April 1, 2022–September 30, 2022

Semiannual Report to Congress

available formats

Full Report:

PDF (3 MB)

Message From the Inspector General

Although it appears that the COVID-19 virus will be with us for some time, many of us have begun to take steps in both our personal and our professional lives to reconnect with others, rebuild our routines, and regain a sense of normalcy. As part of this transition, our office and both of the agencies we oversee are shifting to hybrid work.

The Board of Governors of the Federal Reserve System completed its return-to-office plan on June 3 and transitioned to a hybrid work schedule.
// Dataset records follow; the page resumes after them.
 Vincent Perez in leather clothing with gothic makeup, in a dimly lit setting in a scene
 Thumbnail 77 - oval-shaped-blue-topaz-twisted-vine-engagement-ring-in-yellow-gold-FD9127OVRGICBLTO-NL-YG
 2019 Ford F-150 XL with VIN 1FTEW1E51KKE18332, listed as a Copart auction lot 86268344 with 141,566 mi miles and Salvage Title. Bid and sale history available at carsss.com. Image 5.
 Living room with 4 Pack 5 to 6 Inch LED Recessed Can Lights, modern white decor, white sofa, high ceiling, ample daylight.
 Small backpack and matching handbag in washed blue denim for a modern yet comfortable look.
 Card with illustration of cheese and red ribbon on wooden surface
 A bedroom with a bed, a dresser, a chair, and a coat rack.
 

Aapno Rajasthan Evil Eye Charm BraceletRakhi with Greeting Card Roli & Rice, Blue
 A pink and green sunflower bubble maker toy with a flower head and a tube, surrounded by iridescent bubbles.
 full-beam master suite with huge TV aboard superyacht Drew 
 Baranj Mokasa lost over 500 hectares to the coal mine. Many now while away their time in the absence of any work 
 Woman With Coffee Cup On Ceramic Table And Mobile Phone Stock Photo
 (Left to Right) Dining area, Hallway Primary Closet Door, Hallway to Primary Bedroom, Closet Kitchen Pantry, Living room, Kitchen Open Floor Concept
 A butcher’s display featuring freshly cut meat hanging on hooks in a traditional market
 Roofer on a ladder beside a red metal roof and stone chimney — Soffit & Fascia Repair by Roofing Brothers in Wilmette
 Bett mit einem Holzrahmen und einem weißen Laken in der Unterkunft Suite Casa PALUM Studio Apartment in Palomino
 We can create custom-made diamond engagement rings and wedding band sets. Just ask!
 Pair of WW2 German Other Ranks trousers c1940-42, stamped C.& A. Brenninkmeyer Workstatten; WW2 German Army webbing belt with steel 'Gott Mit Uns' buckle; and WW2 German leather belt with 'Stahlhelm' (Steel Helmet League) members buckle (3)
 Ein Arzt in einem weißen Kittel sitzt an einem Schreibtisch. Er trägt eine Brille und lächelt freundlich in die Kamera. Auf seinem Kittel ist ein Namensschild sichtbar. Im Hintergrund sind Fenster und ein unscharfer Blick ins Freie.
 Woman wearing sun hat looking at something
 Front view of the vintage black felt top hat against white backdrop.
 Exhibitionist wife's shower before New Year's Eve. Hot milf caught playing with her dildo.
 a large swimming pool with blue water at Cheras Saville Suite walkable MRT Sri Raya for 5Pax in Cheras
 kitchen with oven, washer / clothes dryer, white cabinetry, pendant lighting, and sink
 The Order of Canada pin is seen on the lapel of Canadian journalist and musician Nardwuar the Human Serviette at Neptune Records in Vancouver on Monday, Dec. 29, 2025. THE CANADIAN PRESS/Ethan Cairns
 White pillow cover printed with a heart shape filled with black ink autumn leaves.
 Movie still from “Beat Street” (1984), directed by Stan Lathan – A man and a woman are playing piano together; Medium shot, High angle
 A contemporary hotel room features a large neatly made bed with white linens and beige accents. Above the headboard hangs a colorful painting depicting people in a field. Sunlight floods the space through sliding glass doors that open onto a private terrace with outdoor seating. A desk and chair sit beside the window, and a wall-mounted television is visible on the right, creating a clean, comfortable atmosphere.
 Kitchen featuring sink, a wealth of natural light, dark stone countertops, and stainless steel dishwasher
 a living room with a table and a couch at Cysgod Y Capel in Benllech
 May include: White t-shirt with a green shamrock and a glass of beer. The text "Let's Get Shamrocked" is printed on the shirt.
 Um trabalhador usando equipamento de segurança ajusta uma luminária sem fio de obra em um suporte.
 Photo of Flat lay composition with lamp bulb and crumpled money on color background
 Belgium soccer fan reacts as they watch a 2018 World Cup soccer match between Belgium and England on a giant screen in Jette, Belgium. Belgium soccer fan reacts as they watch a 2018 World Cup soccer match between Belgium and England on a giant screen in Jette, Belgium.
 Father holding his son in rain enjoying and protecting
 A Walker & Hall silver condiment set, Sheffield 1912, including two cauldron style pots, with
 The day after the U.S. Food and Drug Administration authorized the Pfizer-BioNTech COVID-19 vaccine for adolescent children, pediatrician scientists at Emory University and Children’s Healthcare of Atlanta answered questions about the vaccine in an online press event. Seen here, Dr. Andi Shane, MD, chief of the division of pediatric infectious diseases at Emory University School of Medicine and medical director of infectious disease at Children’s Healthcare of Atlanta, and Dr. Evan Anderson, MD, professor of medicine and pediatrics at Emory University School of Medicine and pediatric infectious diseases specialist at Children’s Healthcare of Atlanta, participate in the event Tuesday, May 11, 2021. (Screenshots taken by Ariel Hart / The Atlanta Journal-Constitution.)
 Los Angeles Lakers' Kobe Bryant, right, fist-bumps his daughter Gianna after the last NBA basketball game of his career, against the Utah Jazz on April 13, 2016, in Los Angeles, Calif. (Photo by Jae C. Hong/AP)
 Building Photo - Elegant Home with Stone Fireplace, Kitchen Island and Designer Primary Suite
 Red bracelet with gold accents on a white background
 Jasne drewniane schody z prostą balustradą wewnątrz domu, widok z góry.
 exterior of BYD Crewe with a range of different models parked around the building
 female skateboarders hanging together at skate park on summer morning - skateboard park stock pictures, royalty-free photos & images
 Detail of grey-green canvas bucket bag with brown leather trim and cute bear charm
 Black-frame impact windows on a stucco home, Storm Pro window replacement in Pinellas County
The Consumer Financial Protection Bureau ended maximum telework by June and implemented optional full-time telework that will run through October 31. In separate evaluations, we assessed whether the Board and the CFPB implemented select workplace safety measures in response to the pandemic. We found that each agency’s enhanced cleaning, air filtration practices, social distancing measures, building access controls, and other actions were executed in accordance with their respective plans.

Our oversight of pandemic response efforts remains critically important. I continue to serve on the Pandemic Response Accountability Committee (PRAC) and am vice chair of the PRAC Investigations Subcommittee as well as a member of the PRAC Financial Sector Oversight Subcommittee. In addition, our Office of Audits and Evaluations and Office of Information Technology continue to assess the Board’s lending programs. Currently, we are evaluating the loan purchase and administration processes for the Main Street Lending Program (MSLP), vendor selection and management processes related to the Federal Reserve Bank of New York’s lending programs, and cybersecurity risk management for vendors supporting the MSLP and the Secondary Market Corporate Credit Facility.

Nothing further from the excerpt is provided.